🔼The name Sychar: Summary
- Wage, Drunk
- From either of the verbs שכר (sakar), to hire and to be drunk.
🔼The name Sychar in the Bible
The name Sychar occurs only once in the Bible. It's the name of the Samaritan city where Jesus met the unnamed lady at Jacob's well and told her about the Living Water (John 4:5). It's probable that Jacob built his well near where he settled, so it's likely that the town of Sychar was close to Shechem.
In Greek the names Sychar (Συχαρ) and Shechem (Συχεμ) are considerably alike, which has prompted some scholars to proposed that the two might be the same.
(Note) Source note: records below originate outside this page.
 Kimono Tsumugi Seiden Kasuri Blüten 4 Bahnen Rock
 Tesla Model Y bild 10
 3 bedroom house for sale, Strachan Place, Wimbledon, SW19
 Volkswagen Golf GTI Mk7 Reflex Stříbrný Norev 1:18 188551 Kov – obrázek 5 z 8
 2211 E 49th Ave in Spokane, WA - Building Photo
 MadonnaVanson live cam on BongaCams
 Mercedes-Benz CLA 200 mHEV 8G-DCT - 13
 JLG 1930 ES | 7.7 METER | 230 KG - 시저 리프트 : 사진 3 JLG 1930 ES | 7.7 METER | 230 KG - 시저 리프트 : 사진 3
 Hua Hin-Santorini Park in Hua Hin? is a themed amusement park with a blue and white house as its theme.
But this is rather an odd demand since Shechem is actually mentioned in Acts 7:16 as Shechem and not as Sychar, and the story of Jesus and the unnamed Samaritan is neither a report of an inconsequential encounter in the desert, nor a geography lesson, but rather a continuation of the much broader meta-narrative of the Woman At The Well that is repeated in many guises in the Old Testament, and which rather discusses the challenged relationship between the ratio and the human emotive heart.
See for a more detailed discussion of this our article on the noun φρεαρ (phrear), meaning well.
🔼Etymology of the name Sychar
The name Sychar comes from either of the Hebrew verbs שכר (sakar), meaning to hire and to be drunk:
The difference between the letters שׁ (shin) and שׂ (sin) didn't exist until scholars began to differentiate between them in the Middle Ages. Dictionaries will list the verbs שׂכר (sakar) and שׁכר (sakar) as two wholly different verbs, but to the people who wrote the Bible and those who read it for many centuries after, there was only one verb שכר (skr):
The verb שכר (sakar) means to hire, but note that in societies where money wasn't prevalent or quite literally a luxury item, workers would commonly be paid food, drink and protection. Nouns שכר (seker) and שכר (sakar) mean wage and noun משכרת (maskoret) means wages. Adjective שכיר (sakir) means hired and may be used substantially to denote employed men or deployed items.
The verb שכר (shakar) means to be or become drunk, which is what happens when workers get paid in beer, as was customary for instance in Egypt. In fact, in early cities, water was often undrinkable and beer the only beverage.
Noun שכר (shekar) denotes a drink that makes drunk. Adjective שכר or שכור (shikkor) means drunken or drunken one. And noun שכרון (shikkaron) means drunkenness.